20 Jun, 2014, quixadhal wrote in the 25th comment:
Votes: 0
There is a reason… C is popular. As we all know, popularity > usefulness, correctness, or even sanity in our culture.

And while there are lots of languages out there today that "look like C", most of them do NOT "act like C". You're only seeing the superficial similarity because you haven't worked with them. You should also conider that C didn't evolve in a vacuum, nor was it designed to be a general purpose language. Indeed, quite the opposite.

C was descended from BCPL and has similarities to Pascal as well, because those are what Kernigan, Ritchie, and Thompson were familiar with. The language developed hand-in-hand with UNIX, because that's what it was written to implement. Namely, Ritchie and Thompson designed UNIX to be a new operating system for the PDP-8. At that time, most OS's were written in assembly, meaning you had to rewrite everything when you moved to a new machine, even if that machine were similar, like a PDP-11.

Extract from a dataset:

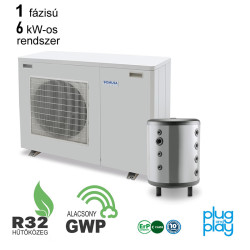 6 kW-os 1 fázisú Levegő-Víz hőszivattyús készülék csomag fűtésre, hűtésre fagyállós védelemmel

Kernigan and Ritche's idea was to make a "portable assembly" language that would be easier to work with than pure assembly (having higher level loops and conditionals), and would still more-or-less directly translate… meaning it would be easy to write a new compiler for a new architecture, and thus get an OS ported much faster than it usually took.

THAT is why C became so popular. Nothing magical. Not because it was so much better than everything else for writing arbitrary code. Because it made it very EASY to get a new hardware system into a useable state. Once you got your new hardware running, why not write more stuff in C since it was already there?